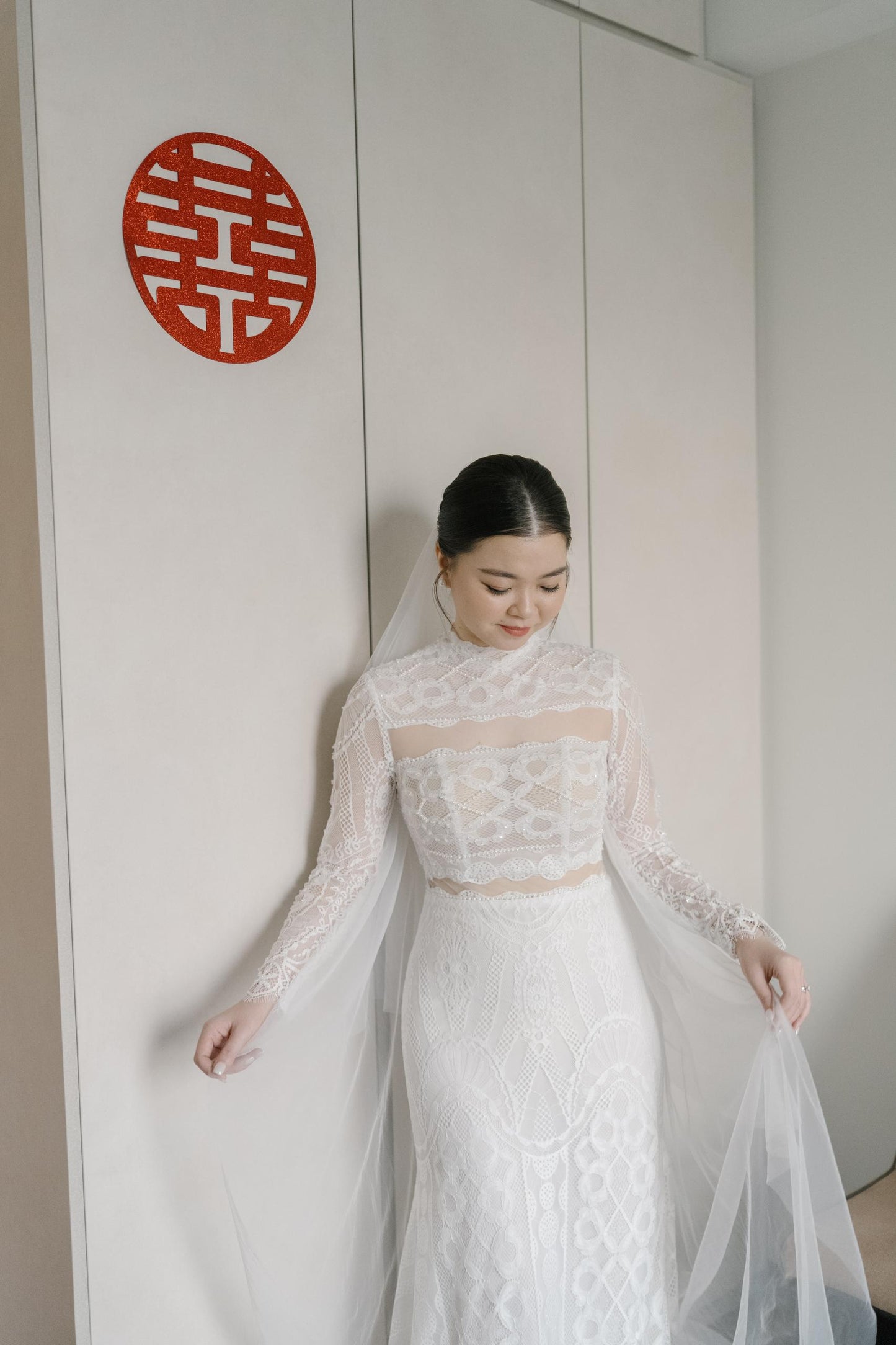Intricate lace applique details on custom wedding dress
────
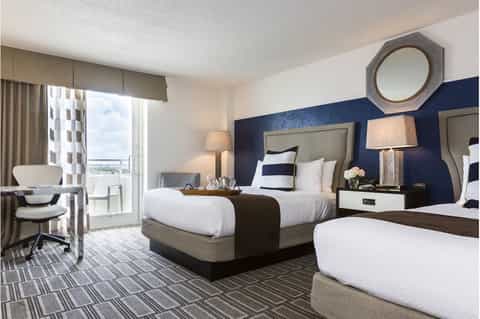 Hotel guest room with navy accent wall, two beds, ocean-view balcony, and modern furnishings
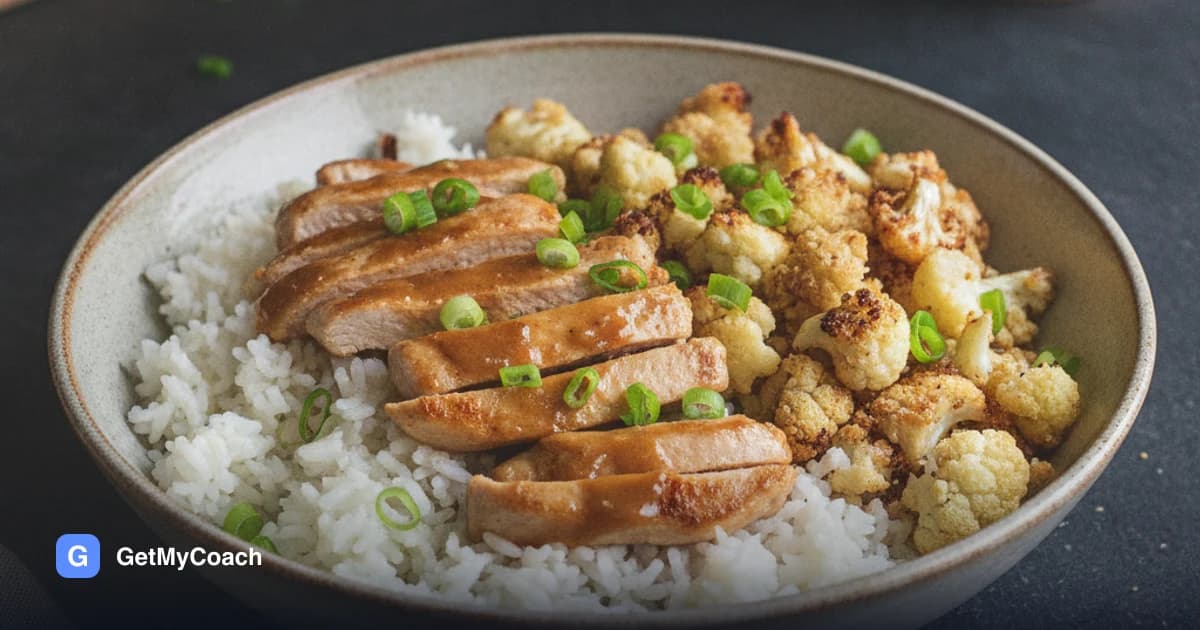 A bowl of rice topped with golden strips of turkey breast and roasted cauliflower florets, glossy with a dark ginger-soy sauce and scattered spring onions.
────
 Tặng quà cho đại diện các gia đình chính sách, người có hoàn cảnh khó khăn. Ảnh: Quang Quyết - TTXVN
────
— WHAT IS EXPECTED —
Go to the line above holding "Hotel guest room", then copy exactly each line down to and including the one holding "A bowl of rice", leaving pictures out.

— EXERCISE ANSWER —
 Hotel guest room with navy accent wall, two beds, ocean-view balcony, and modern furnishings
 A bowl of rice topped with golden strips of turkey breast and roasted cauliflower florets, glossy with a dark ginger-soy sauce and scattered spring onions.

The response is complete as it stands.